The humanity of Jesus is a beautiful and welcome thing.  We are in the same flesh as both Jesus and Saul.  We have the same worries and concerns.  We see trouble coming and get scared.  Our faith wavers, and we are not sure if we can do it.  Both men were looking for another way to face the trouble, but only one of them was willing to face it with God.

The story for Saul could have ended there, but he was so weak because he had not eaten.  He was famished and could not return home.  The medium, that person marked for death by God, made him eat.  She gave him food even though every second she was around Saul was risky.  In fact, the text says she had a fatted calf that she prepared for him.  I find that pretty remarkable and wonder what kind of compassion in her might have been stirred by God to help Saul.  God did not hate Saul.  There were easier ways to get rid of him if that is what all of this was about.  David needed to become king.  Saul fought that tooth and nail.  He tried to kill David.  King Saul needed to face his end as king in battle, but there was no faith in God – only his self-serving need for survival.  Even then, though, there was compassion for Saul.

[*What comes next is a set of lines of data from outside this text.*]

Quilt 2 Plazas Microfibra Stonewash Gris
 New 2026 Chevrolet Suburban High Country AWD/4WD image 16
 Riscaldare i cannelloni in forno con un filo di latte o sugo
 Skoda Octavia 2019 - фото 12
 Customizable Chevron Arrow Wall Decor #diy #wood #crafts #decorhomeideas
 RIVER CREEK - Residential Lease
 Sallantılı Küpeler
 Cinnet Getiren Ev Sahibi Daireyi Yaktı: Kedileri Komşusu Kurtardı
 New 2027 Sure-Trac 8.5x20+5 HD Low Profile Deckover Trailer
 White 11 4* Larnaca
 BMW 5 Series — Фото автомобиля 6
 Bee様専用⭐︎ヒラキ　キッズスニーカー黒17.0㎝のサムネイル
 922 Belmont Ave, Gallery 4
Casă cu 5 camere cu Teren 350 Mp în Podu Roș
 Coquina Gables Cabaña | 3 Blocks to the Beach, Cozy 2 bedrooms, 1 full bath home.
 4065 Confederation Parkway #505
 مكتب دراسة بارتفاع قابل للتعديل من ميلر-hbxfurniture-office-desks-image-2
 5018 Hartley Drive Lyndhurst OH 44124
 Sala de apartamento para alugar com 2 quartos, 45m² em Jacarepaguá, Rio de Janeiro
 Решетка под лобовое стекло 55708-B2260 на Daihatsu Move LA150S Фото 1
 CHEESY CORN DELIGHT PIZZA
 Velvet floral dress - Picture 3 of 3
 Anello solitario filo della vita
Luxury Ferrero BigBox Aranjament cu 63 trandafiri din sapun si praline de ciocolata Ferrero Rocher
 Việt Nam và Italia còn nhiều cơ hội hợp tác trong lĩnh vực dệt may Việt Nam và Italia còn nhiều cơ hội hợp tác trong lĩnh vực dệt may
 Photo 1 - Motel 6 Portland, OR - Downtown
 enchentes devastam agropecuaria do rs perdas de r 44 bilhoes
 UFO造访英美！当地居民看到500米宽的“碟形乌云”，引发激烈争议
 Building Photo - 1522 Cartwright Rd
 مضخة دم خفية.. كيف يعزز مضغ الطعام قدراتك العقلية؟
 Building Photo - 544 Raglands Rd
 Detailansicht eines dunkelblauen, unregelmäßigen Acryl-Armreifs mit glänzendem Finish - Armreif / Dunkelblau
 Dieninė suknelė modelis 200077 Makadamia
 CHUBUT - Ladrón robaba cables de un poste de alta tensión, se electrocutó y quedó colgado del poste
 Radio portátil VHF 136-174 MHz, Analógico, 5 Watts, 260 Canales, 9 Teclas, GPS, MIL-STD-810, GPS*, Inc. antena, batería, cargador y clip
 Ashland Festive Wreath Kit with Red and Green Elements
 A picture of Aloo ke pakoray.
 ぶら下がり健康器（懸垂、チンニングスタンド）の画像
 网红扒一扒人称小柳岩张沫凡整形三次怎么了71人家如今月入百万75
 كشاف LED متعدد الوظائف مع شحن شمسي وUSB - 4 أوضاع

As the world seems always more bent on difficulty and struggle, we need to take the time to ask for directions.  Yes, we all probably know the need for prayer, but there is a bigger and more important lesson.  Jesus prayed for God’s will; Saul prayed for his own skin.  Saul has no interest in doing what God wanted.  He just wants to know how he can beat the Philistines and save himself.

Selfishness is something that is built into our core.  This is going to bear out in our prayers as much as in any other part of our lives, but prayer is itself something that can grow our hearts for God and our awareness of God’s heart in us.  If our asking is all about ourselves, then we will not find the growth and richness in prayer that we crave.  If we turn our prayer into seeking God’s help and God’s will, then we will find ourselves change.

Jesus invited us to take the same walk in faith when he taught us to pray, “Thy Kingdom come, Thy will be done, on earth as it is in heaven.”

Whenever we need to ask for directions, it is best to remember we are walking together.  To God be the glory.  Amen.